Angesichts der zahlreichen noch offenen Fragen entschied man sich in den Reihen der Sozialdemokratien diesmal bei der Abstimmung zum Antrag für eine Enthaltung, aber man sei Dr. Meyer zufolge "immer noch optimistisch und hoffnungsvoll" in Hinblick auf Verbesserungen im finalen Bebauungsplan.

Lernprozess durch Spezialisierung

Andreas Endler (CDU) nahm erfreut zur Kenntnis, dass man seitens der Opposition dem Bebauungsplan einen gewissen "Lernprozess" entnehmen konnte. Dies sei vielleicht auch schon ein gewichtiges Argument eben für diese Spezialisierung auf Rechenzentren in Hattersheim, denn natürlich sei "keiner von Anfang an perfekt". Endler zeigte im Namen der Koalition auch Verständnis für die Bedenken der anderen Fraktionen, wie zum Beispiel bezüglich des Wegfalls von Ackerflächen und der weiteren Bodenversiegelung.

Im Gegenzug aber sei auch zu bedenken, dass man für den Wegfall eben jener Äcker zu diesem Zweck am Ende auch höhere Steuereinnahmen erzielen kann, die man wiederum in "viele schöne Dinge" innerhalb der Stadt investieren könne, beispielsweise in eine schönere Begrünung, in die Ausstattung der Feuerwehr oder die Sanierung der Sportplätze.

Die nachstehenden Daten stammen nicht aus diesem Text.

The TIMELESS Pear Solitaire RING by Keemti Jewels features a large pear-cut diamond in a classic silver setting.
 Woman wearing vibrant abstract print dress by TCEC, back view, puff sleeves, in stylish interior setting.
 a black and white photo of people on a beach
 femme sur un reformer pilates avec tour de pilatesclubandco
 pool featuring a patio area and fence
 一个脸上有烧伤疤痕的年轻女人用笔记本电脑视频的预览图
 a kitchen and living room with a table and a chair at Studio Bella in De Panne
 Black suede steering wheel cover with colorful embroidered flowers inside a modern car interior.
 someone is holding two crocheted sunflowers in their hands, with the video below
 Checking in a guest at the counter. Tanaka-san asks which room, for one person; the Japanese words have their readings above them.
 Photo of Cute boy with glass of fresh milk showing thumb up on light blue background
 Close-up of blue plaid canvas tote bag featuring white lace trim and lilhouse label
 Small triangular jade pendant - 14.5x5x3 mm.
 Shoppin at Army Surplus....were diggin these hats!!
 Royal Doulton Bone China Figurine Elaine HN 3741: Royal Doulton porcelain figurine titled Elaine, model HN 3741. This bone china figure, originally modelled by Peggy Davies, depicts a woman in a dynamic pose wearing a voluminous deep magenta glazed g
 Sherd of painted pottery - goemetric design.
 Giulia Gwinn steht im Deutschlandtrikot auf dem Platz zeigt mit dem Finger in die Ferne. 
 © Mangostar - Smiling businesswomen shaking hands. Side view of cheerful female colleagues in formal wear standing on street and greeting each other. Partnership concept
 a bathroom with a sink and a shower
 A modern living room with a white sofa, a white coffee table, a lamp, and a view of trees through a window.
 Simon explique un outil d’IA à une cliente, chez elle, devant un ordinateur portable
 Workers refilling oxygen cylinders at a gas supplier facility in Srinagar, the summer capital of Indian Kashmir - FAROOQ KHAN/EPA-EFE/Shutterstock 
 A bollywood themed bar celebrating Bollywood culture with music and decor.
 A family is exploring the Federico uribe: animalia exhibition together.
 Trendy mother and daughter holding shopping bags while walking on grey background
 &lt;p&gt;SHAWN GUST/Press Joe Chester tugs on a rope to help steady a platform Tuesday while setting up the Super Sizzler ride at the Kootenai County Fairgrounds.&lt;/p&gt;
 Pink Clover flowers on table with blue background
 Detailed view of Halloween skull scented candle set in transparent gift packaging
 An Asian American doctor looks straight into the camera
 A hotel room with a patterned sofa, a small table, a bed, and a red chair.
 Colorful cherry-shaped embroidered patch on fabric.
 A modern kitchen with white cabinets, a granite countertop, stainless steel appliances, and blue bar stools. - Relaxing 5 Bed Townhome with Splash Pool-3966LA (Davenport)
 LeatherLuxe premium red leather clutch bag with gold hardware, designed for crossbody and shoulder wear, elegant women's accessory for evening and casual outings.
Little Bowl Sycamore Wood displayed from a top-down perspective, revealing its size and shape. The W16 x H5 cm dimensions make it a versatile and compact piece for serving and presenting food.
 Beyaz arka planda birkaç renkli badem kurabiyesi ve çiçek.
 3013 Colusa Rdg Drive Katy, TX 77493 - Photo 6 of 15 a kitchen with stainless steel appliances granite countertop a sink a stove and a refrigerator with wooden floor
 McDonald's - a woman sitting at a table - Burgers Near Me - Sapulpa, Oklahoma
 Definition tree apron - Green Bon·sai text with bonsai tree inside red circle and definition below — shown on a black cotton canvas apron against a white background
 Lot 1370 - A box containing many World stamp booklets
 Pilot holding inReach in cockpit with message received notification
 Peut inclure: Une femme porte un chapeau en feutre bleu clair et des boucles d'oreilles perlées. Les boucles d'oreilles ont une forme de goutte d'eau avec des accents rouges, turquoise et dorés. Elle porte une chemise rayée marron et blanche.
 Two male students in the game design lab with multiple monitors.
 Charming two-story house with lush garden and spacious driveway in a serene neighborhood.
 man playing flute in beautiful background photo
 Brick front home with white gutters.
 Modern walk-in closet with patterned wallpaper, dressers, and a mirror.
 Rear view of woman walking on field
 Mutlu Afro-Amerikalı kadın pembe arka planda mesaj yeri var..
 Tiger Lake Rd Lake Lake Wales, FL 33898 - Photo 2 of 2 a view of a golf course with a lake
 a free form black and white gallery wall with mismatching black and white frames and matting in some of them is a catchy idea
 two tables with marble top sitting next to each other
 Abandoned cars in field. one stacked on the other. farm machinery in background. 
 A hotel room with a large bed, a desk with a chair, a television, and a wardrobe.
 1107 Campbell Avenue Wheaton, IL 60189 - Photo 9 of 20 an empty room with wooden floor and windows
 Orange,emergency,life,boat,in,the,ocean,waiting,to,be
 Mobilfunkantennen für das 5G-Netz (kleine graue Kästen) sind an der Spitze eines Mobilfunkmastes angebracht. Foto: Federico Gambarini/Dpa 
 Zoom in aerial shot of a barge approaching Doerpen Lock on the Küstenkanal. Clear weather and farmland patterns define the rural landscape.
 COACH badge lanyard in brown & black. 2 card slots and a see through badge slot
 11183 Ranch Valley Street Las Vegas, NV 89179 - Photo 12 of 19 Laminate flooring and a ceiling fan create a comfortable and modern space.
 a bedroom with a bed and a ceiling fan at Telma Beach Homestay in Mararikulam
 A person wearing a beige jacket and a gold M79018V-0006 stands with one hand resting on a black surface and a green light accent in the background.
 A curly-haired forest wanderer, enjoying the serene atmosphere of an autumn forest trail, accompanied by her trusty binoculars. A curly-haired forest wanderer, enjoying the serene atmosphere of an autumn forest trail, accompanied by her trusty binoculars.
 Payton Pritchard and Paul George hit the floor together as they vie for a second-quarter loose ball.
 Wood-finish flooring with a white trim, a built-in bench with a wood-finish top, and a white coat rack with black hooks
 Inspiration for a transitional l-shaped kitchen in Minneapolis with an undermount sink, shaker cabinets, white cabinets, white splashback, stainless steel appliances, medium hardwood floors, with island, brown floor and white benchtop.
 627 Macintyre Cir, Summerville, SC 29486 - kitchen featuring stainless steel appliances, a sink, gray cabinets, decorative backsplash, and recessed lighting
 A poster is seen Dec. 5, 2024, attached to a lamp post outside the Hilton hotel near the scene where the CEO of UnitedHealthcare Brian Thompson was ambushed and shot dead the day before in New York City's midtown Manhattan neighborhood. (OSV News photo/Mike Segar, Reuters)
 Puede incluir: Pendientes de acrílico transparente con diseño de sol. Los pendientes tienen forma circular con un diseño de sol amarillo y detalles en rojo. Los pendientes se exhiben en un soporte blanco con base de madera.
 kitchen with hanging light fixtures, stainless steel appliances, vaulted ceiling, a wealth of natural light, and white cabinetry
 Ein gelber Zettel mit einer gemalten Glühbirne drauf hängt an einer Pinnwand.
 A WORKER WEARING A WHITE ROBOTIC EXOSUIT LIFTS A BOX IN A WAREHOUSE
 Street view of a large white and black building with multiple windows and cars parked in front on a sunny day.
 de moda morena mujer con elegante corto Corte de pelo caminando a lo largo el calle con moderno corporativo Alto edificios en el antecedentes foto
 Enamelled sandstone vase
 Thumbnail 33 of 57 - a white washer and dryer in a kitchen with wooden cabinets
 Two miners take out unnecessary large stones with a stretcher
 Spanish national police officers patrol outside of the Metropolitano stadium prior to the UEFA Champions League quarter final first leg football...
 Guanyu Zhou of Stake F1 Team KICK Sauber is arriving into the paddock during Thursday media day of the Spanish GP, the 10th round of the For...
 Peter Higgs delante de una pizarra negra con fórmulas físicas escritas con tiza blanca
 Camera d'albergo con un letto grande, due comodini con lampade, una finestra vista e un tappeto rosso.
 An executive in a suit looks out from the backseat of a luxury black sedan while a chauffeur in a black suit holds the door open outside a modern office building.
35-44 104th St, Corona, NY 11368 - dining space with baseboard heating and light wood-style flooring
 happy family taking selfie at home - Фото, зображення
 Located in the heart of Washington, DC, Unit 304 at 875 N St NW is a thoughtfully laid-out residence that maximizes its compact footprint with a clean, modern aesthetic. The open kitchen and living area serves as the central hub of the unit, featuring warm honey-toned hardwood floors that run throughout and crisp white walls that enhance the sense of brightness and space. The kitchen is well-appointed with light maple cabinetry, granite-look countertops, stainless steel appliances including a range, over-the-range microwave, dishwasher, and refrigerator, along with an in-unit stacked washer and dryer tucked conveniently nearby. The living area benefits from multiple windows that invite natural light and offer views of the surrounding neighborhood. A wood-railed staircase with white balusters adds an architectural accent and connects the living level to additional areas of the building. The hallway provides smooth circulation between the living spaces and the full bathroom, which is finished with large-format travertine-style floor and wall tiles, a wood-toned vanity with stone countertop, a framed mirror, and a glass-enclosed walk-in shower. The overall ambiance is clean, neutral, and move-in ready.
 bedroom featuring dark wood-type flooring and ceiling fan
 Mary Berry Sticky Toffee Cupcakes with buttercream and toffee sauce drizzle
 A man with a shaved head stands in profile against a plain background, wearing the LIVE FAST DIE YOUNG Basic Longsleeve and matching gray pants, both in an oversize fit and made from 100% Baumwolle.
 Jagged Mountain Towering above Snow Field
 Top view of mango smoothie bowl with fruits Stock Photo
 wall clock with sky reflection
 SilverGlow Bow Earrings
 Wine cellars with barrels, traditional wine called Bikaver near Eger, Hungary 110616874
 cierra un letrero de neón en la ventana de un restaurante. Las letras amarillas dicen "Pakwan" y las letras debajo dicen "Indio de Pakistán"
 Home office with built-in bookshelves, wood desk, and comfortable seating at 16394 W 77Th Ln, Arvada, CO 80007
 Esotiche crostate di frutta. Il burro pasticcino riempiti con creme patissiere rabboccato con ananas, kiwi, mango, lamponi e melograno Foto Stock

Und gerade auch die Entscheidung zum Bau in die Höhe erachtet Endler sogar als "smart", denn wenn man die Flächenversiegelung so gering wie möglich halten und gleichzeitig die Wirtschaftlichkeit solcher Projekte gewährleisten möchte, dann erreicht man beides durch einen Bau vor allem gen Himmel.